====== GIVEN INFORMATION

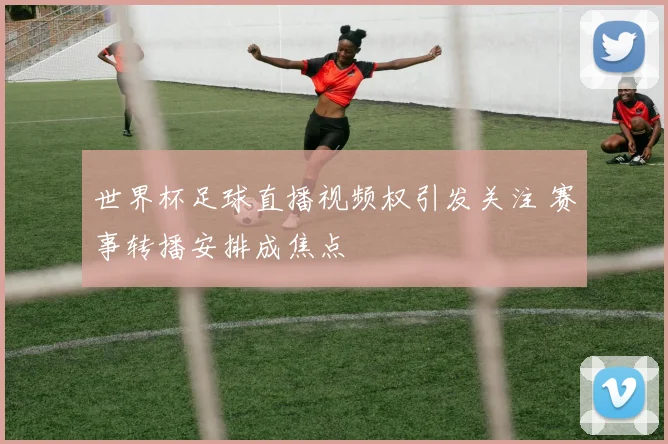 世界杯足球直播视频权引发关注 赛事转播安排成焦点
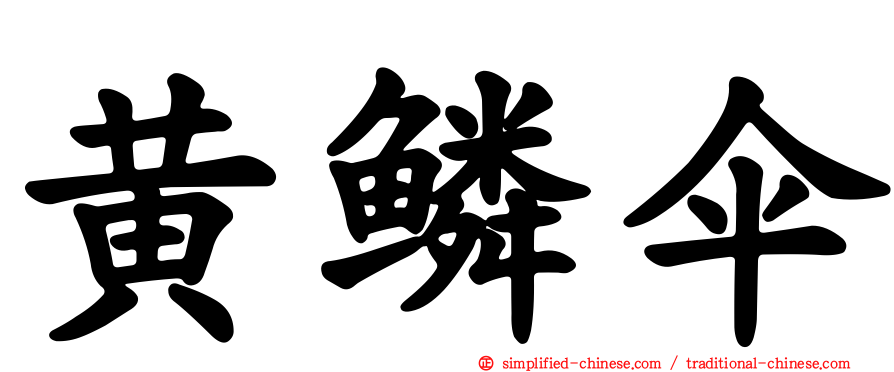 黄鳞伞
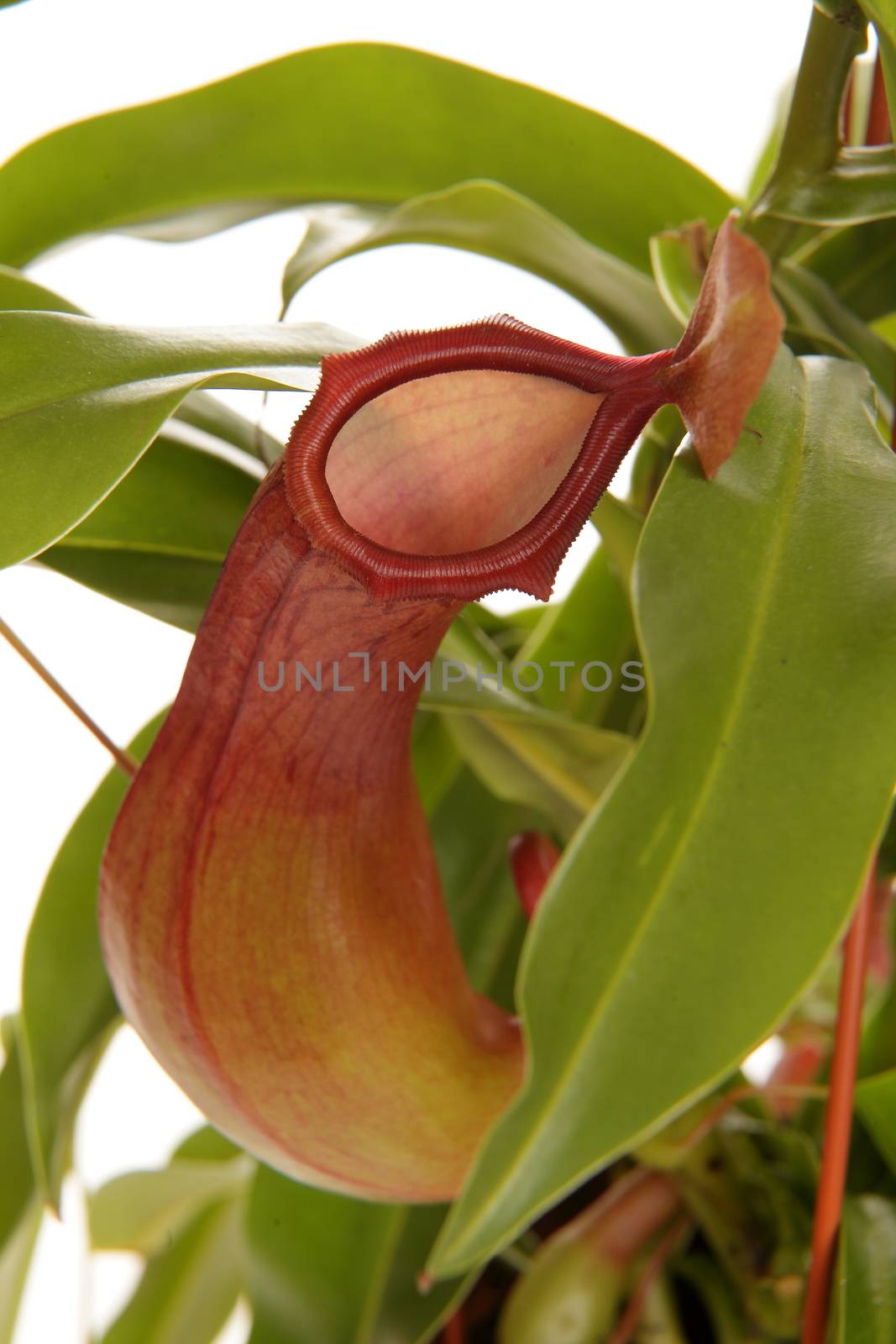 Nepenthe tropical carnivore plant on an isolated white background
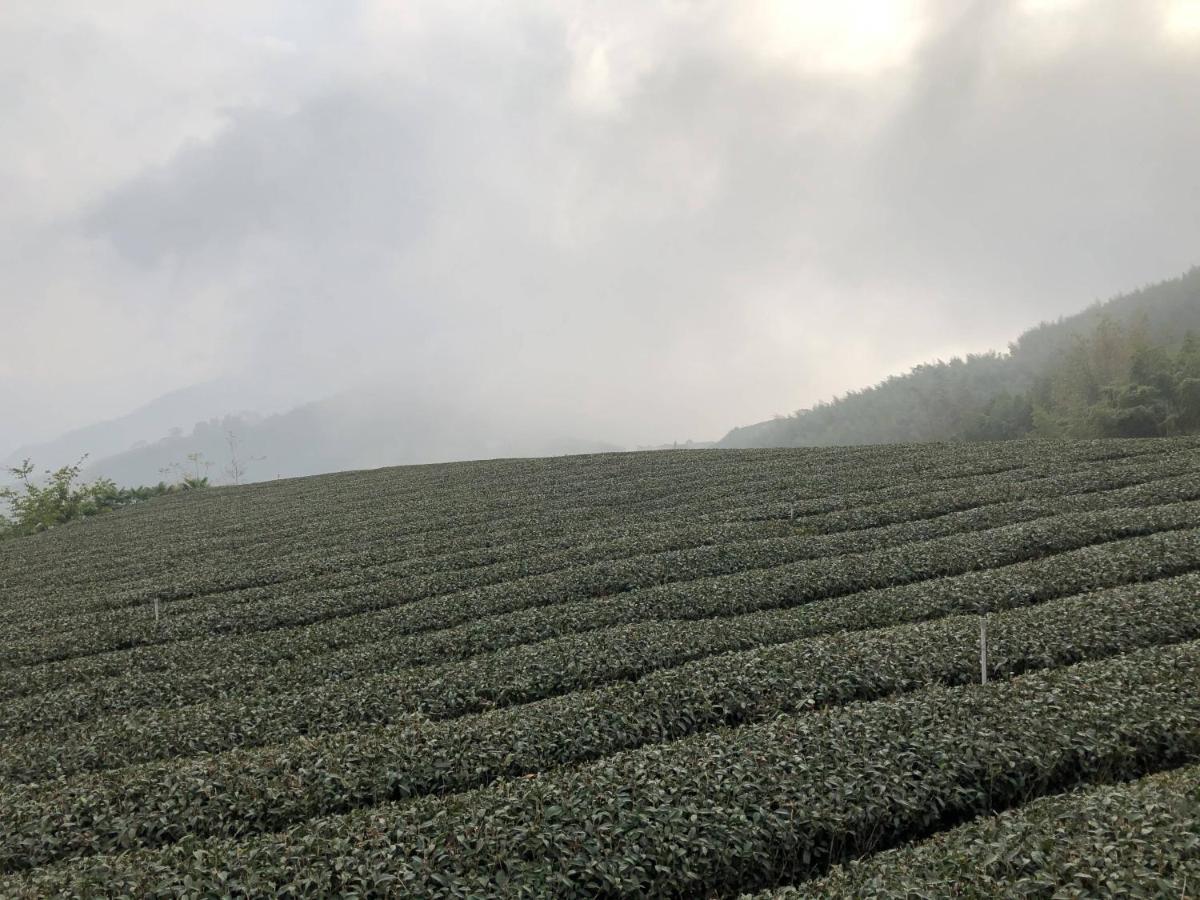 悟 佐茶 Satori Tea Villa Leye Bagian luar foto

============

> _EXERCISE DESCRIPTION_
All lines from the one containing "Nepenthe tropical carnivore" through the end of the data are to be written out exactly, with nothing added; skip the pictures.

> _SOLUTION BELOW_
 Nepenthe tropical carnivore plant on an isolated white background
 悟 佐茶 Satori Tea Villa Leye Bagian luar foto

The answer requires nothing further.